Even New York City has under-used subway capacity in some parts of the city where they could locate more development, and metro areas like D.C., Boston, and San Francisco have plenty.
If you’re actually being smart about your project selection and land use, then more transit spending is incredibly valuable. But the lesson of LA Metro, to me, is that you can’t just brute force yourself into transit usage by spending a lot of money. People aren’t going to ride the train just because you would prefer there to be fewer cars on the road. It happens either if people are too poor to afford cars (not the case in the United States) or else if it’s a convenient way to get someplace that has scarce and expensive parking.
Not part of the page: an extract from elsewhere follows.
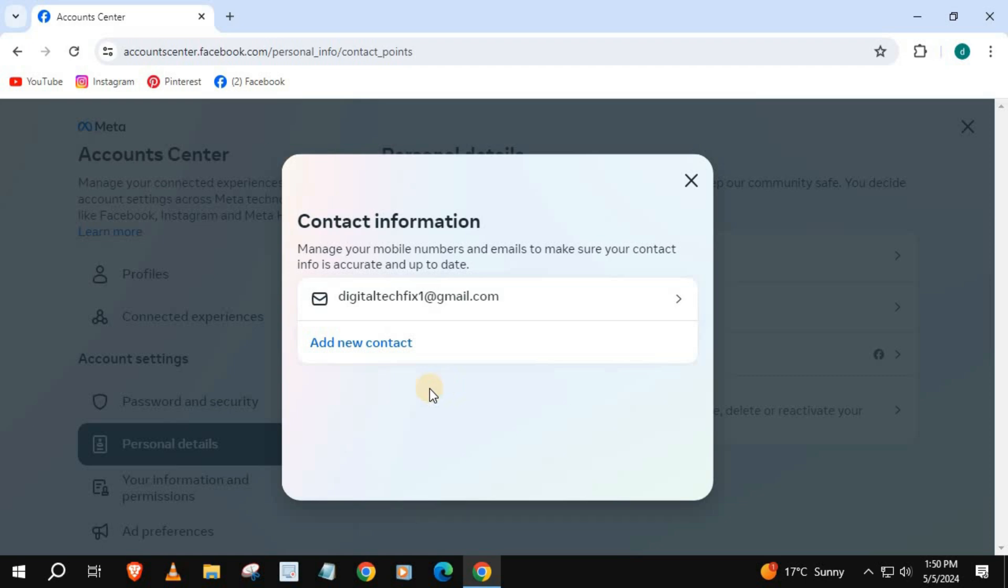And that's how you do it guys. How to see your email address on Facebook laptop PC.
Without that land use alignment, it’s pointless. And urbanists shouldn’t tell themselves that all this highway money is fine because the transit spending is also generous. If the transit and highway stuff both shrinks, that’s fine by me. From a transit point of view, the important part of this bill is to get the housing reform money and to design that program well.
But at the end of the day, the overall point is that America’s transportation infrastructure is pretty good. By contrast, the same low population density that generally makes our commutes good has left us with subpar levels of mass broadband adoption. The challenge of moving electricity around is very real. Lead in water pipes is really bad. These infrastructure challenges are huge and much more important than roads and bridges. If the bill gets changed, it’s important to keep that stuff.